What follows is probably my favorite Batman page ever, where the Shadow explains it was he who has been helping Batman on this case, to determined if Batman deserved the reputation he has. The Shadow says "I am happy to say that you have fulfilled my greatest expectations!" Batman is sincerely flattered, revealing that the Shadow was one of his greatest inspirations. This was explored in the Batman Animates Series episode Beware the Grey Ghost where they couldn't use the Shadow's name or likeness. Finally, Batman asks the Shadow if he'll come out of retirement to help the world. Enigmatically the reply is "That... only The Shadow knows!"

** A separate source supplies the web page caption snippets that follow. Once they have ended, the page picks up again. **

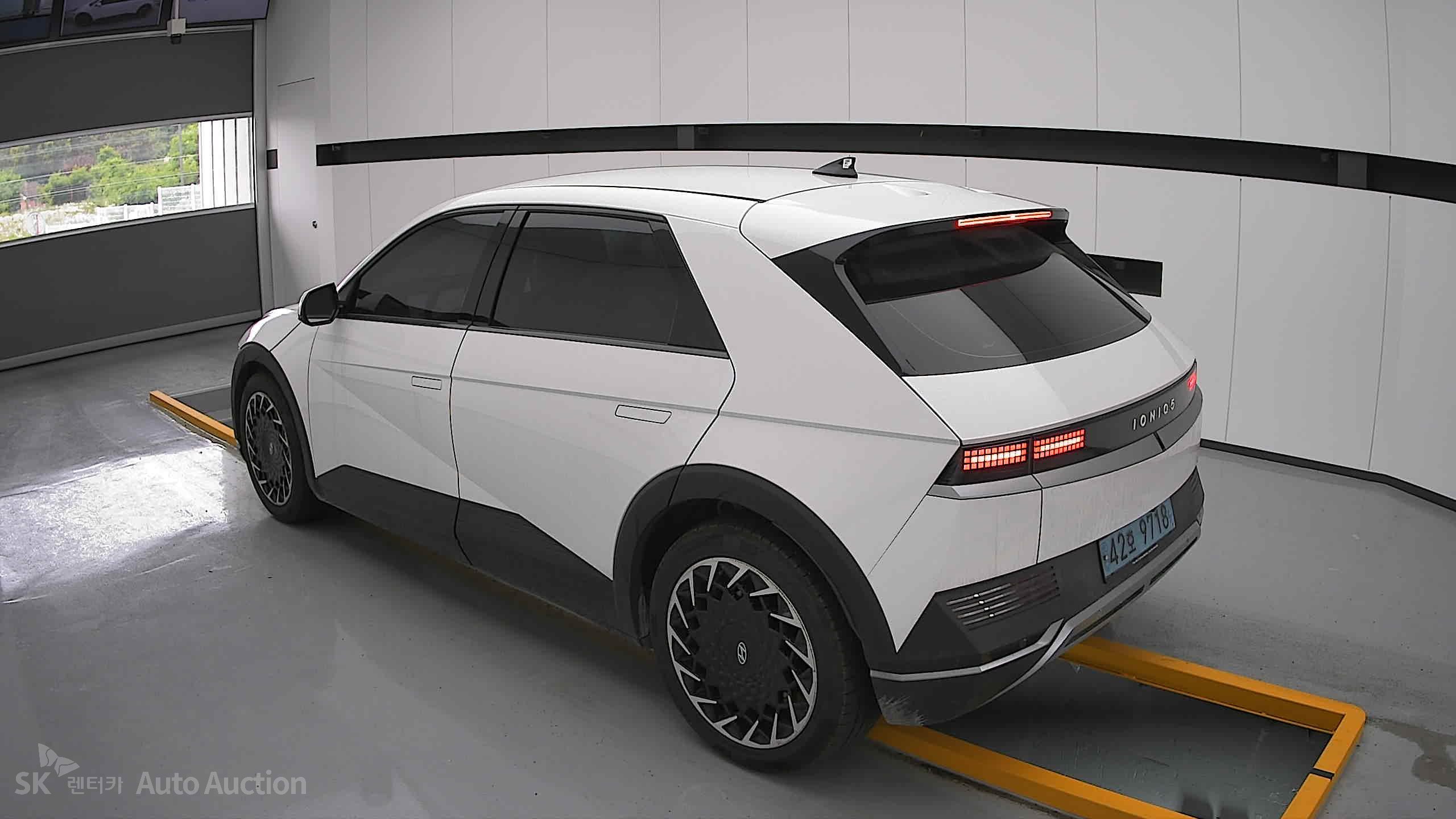 2023 - hyundai ioniq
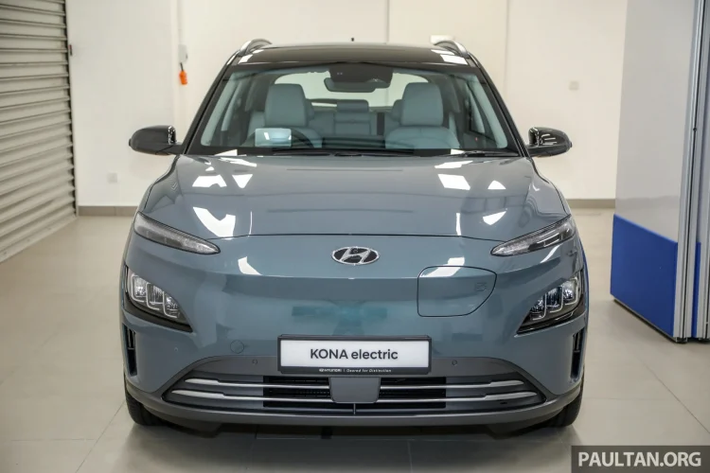 Trang bị tiêu chuẩn của tất cả phiên bản Hyundai Kona Electric gồm đèn pha LED, đèn hậu LED, đèn LED chiếu sáng ban ngày, đèn sương mù phía sau, đèn pha và gạt mưa tự động, khởi động từ xa và bộ la-zăng 17 inch đi kèm thông số lốp 215/55.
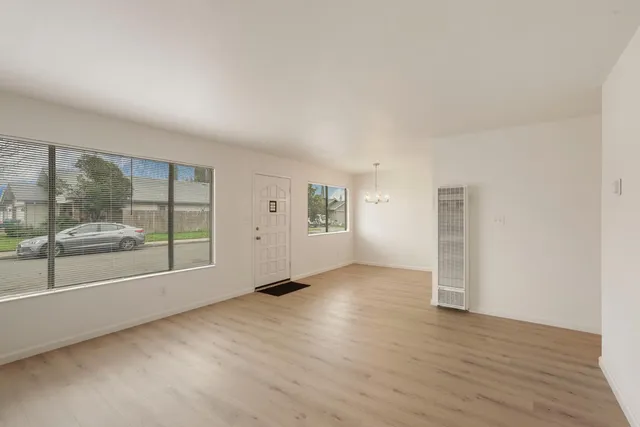 $575,000 | 445 Mission Street, Lodi, CA 95240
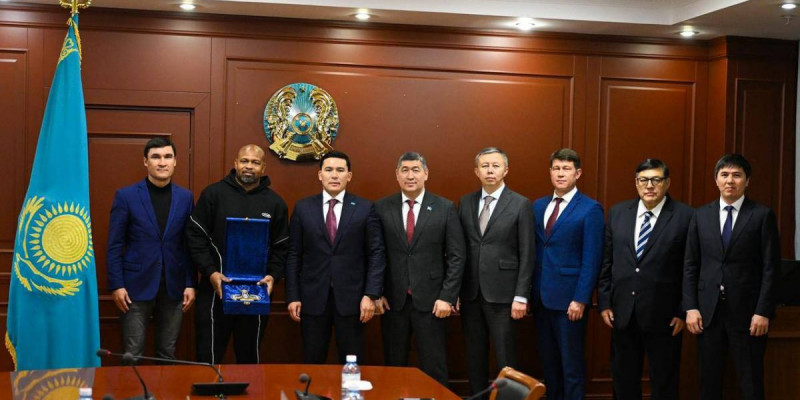 Ербол Мырзабосынов әйгілі боксшы Рой Джонспен кездесті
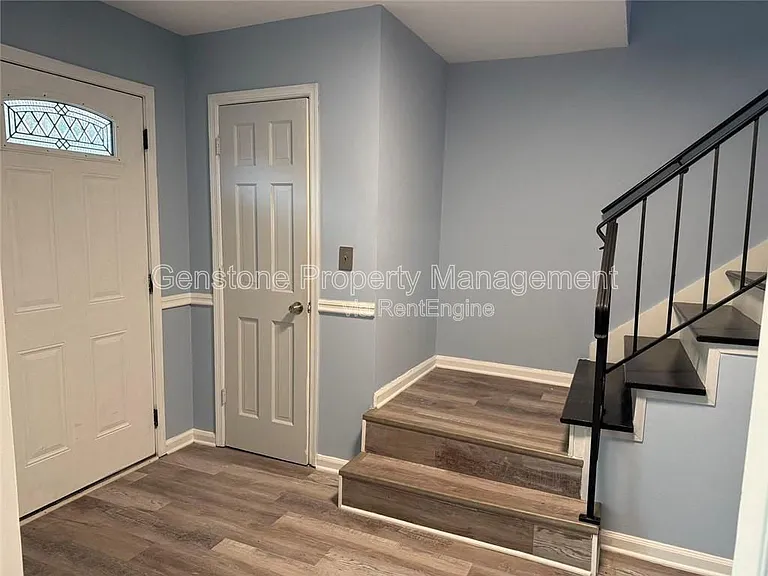 4500 Shannon Blvd #7A — Photo 2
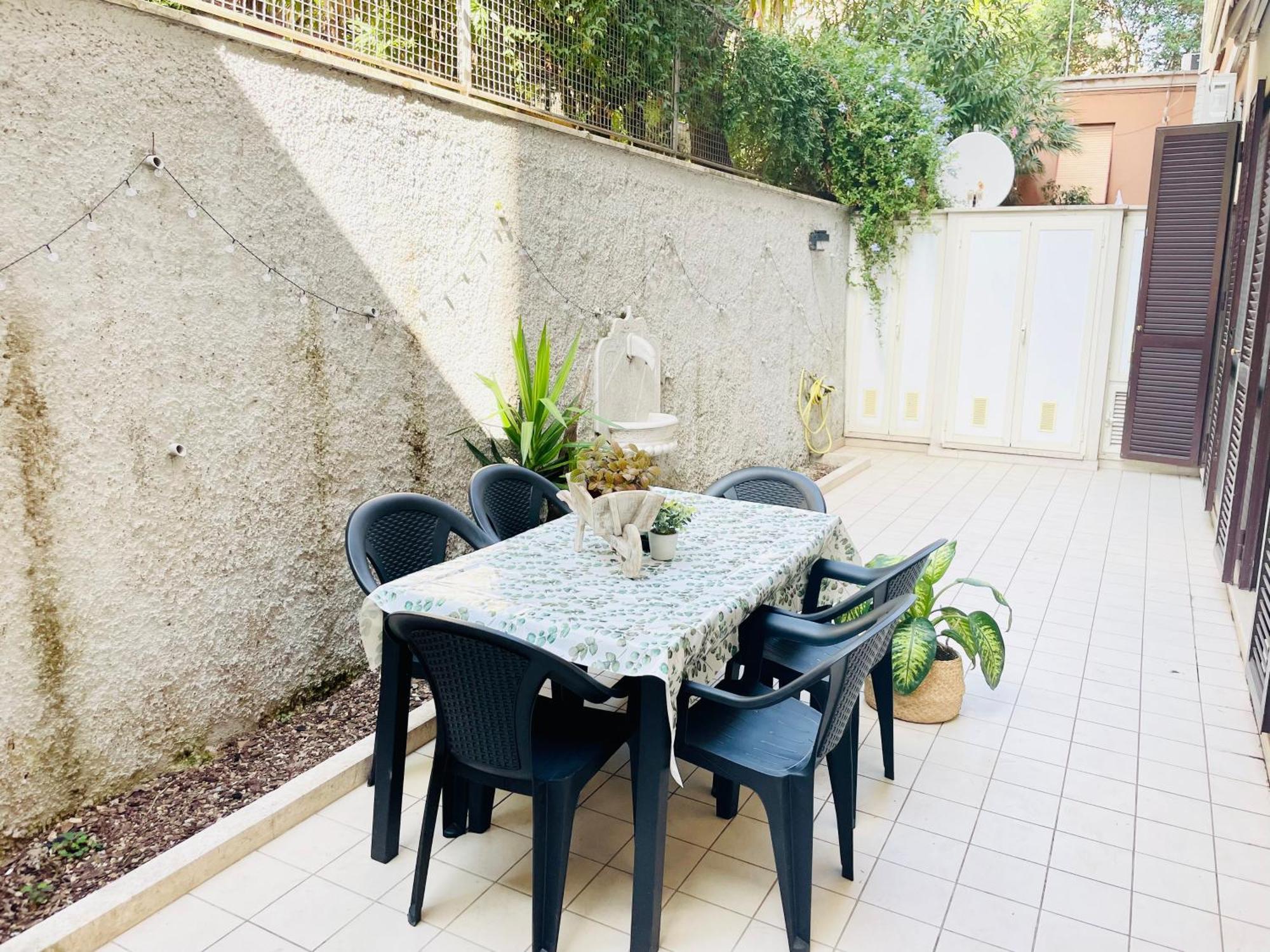 Holiday Homes Rome - Green Apartment S Camillo - Near Trastevere Екстериор снимка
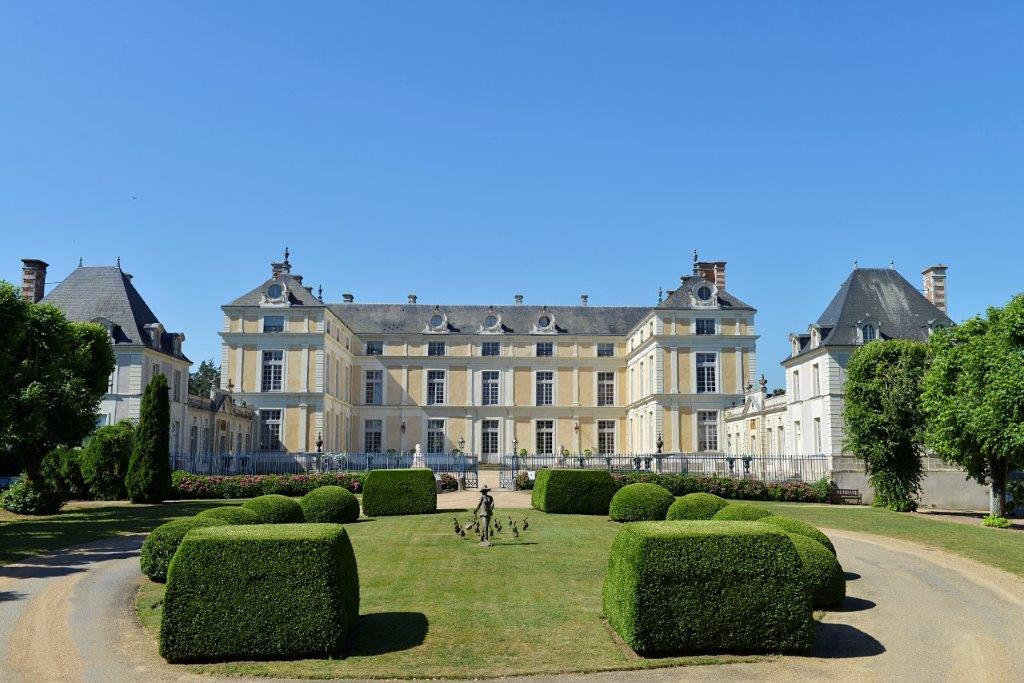 Visiter le Château Colbert avec le Passeport des Demeures Historiques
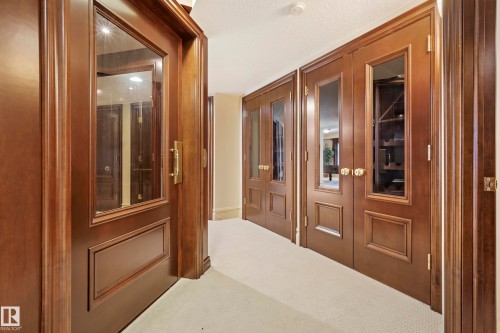 322 Caldwell Close Nw, Edmonton, AB - Indoor Photo Showing Other Room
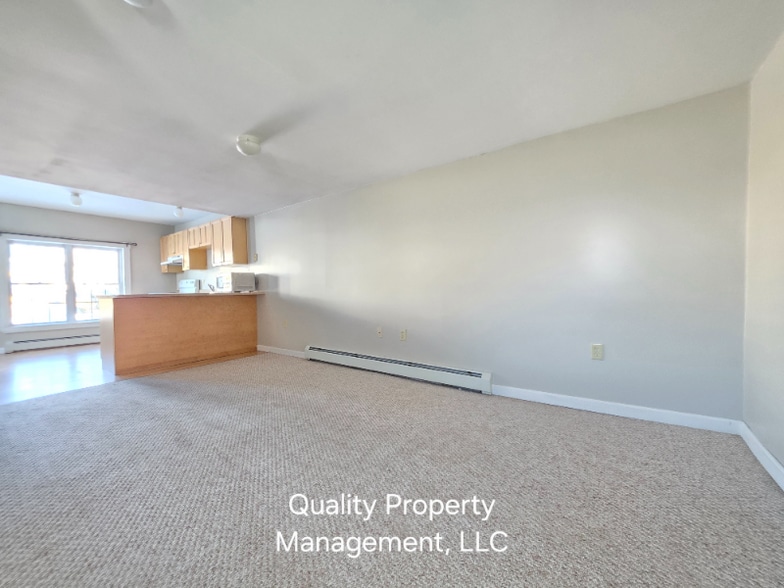 Building Photo - 208 Grove St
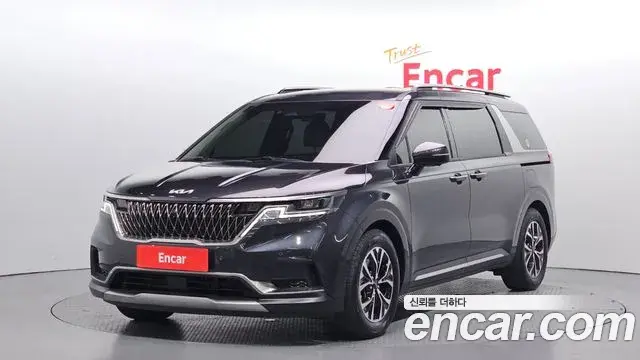 Kia Carnival 2021 — ფოტო 19/31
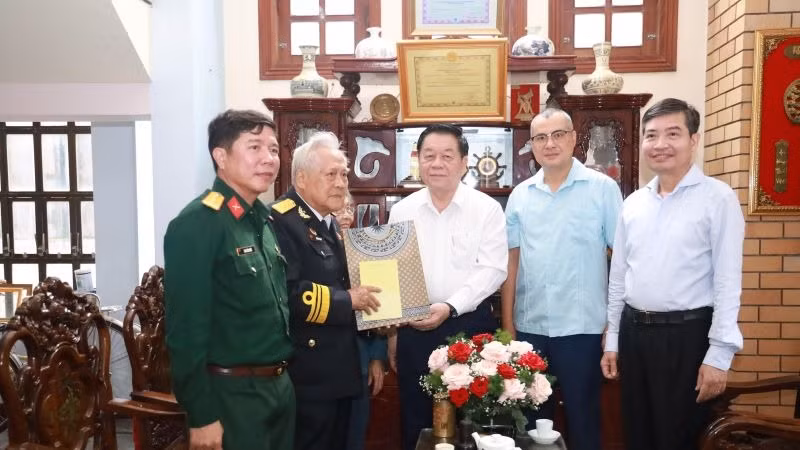 Trưởng Ban Tuyên giáo Trung ương Nguyễn Trọng Nghĩa thăm, tặng quà Anh hùng Lực lượng vũ trang Nhân dân Trung tá Hồ Đắc Thạnh.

Even though this issue was before my time, and to be honest, the whole caper wouldn't have been as exciting without the mysteriousness of the Shadow, it still remains my favorite Batman tale to this day, and I doubt it'll ever be topped.


At 11:02 PM, Blogger Joshisfuzzy said...

I always wanted to see this comic. I'm the only Shadow fan I know at age 21

At 11:43 PM, Blogger Ryk said...

Came across this blog searching specifically for what I think is this issue.

Did this one have a scene in which the Shadow meets the very young Bruce at a bank robbery? I remember such a scene very clearly but I don't have the comic (lost about 30 years ago).

At 2:30 PM, Blogger Nathaniel said...

we had this comic when I you younger probably long gone by now

At 12:36 PM, Blogger Michael Curry said...

I was a youngster when this came out and was a HUGE Shadow fan - some radio stations still played his old shows once in a while. When I saw the cover I nearly fainted. It is and remains my favorite Batman tale and I have never felt that way about seeing a comic cover since! haha! Well done summary!